At December 31, 2022 and December 31, 2021, there were 209 and 261 variable-rate to fixed-rate swap transactions between the third-party financial institutions and the Company's customers, respectively. The initial notional aggregate amount was approximately $0.8 billion and $1.1 billion at December 31, 2022 and December 31, 2021, respectively. At December 31, 2022, the swap transactions remaining maturities ranged from under 1 year to 13 years. At December 31, 2022, none of these customer swaps were in a paying position to third parties, with our swap guarantees having a fair value of $10.4 million. At December 31, 2021, 193 of these customer swaps were in a paying position to third parties for $35.8 million, with the Company's swap guarantees having a fair value of $13.1 million. However, for both periods, none of the Company's customers were in default of the swap agreements.
Credit-risk-related Contingent Features
The Company has agreements with certain derivative counterparties that contain a provision under which, if it defaults on any of its indebtedness, including default where repayment of the indebtedness has not been accelerated by the lender, then the Company could also be declared in default on its derivative obligations.

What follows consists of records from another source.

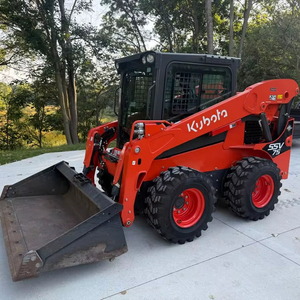 Chargeuse compacte Kubota SSV75 2023 à haut débit, 55,2 kW, diesel, machine de construction |   Chargeuse compacte Kubota SSV75 à quatre roues motrices - Product Image 1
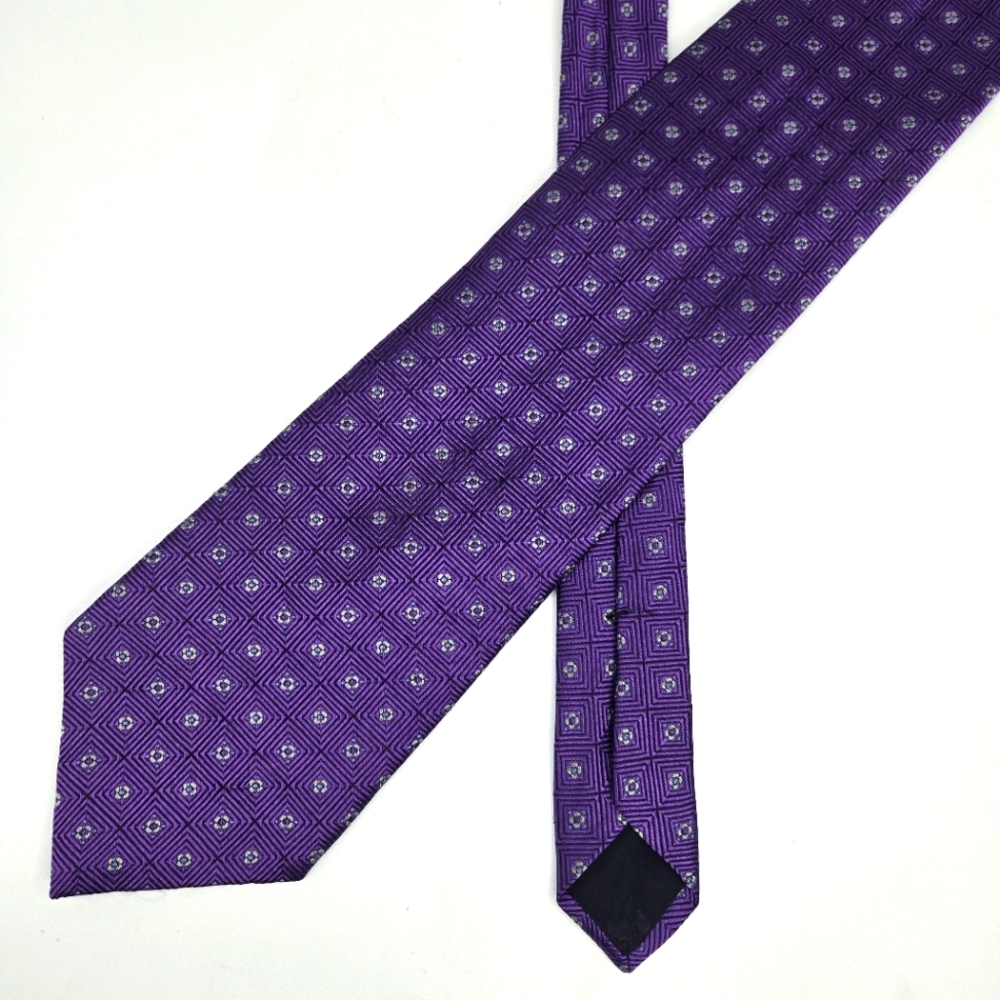 Brooks Brothers 346 Neck tie USA Made Pure Silk Geometric Purple 60" X 3.75"‎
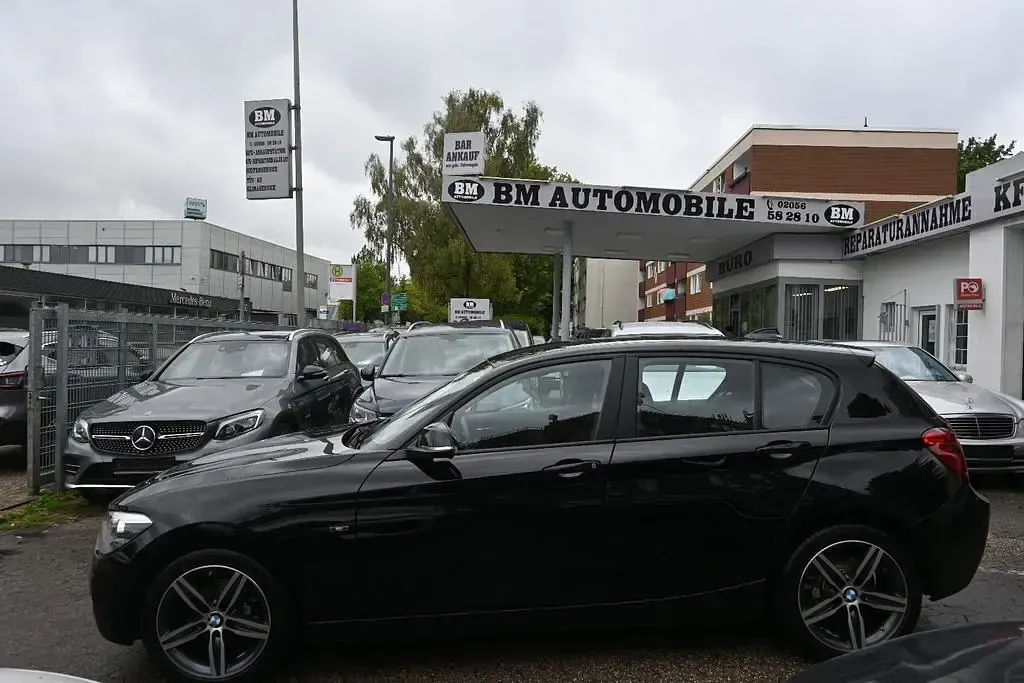 Gebraucht BMW 116 Sport Line 136 PS (100 kW) 2014 Schwarz Kleinwagen
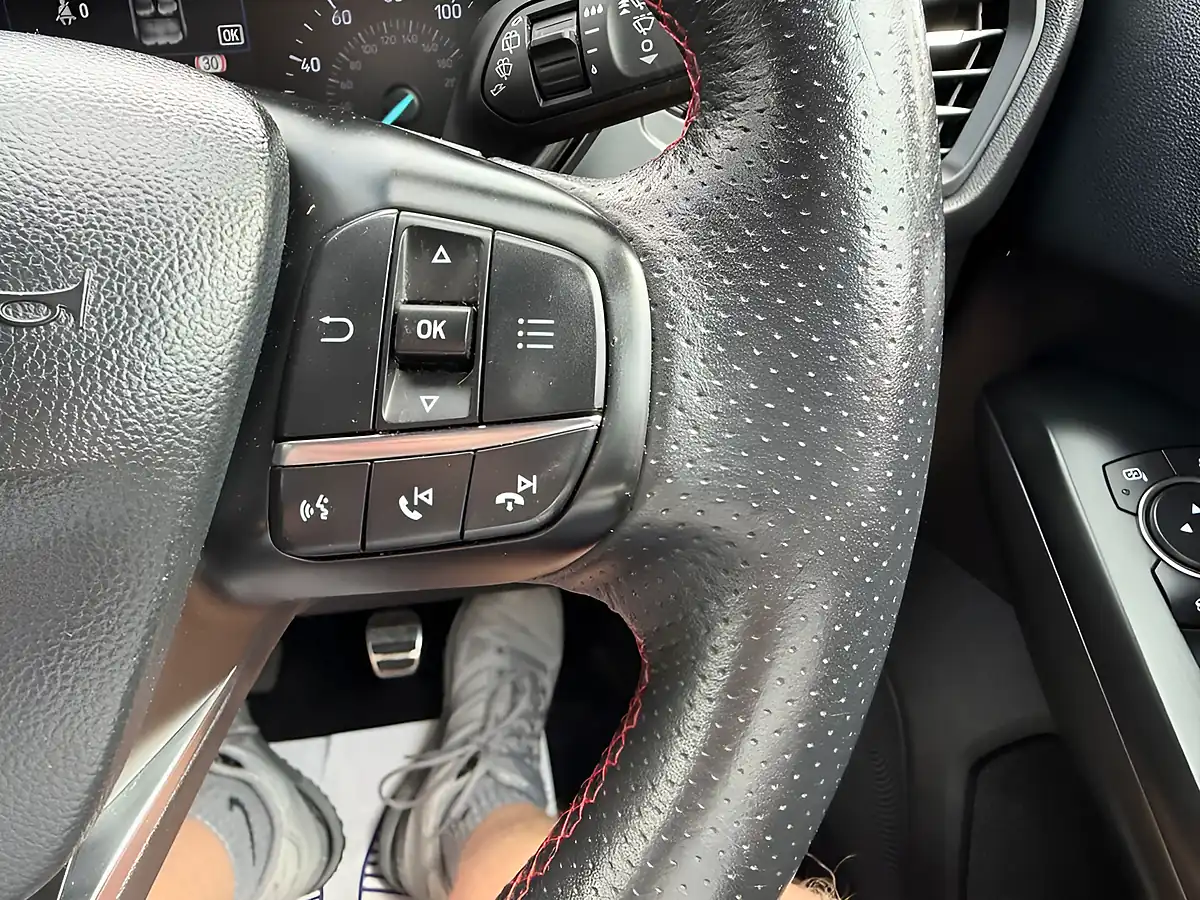 Used 2019 Ford Focus ST-Line X Blue - Interior and Exterior details 16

The Company also has agreements with certain derivative counterparties that contain a provision where if it fails to maintain its status as a well-capitalized or adequately capitalized institution, then the counterparty could terminate the derivative positions and the Company would be required to settle its obligations under the agreements.
The Company has minimum collateral posting thresholds with certain of its derivative counterparties, and has posted collateral of $4.7 million in cash against its obligations under these agreements. If the Company had breached any of these provisions at December 31, 2022, it could have been required to settle its obligations under the agreements at the termination value.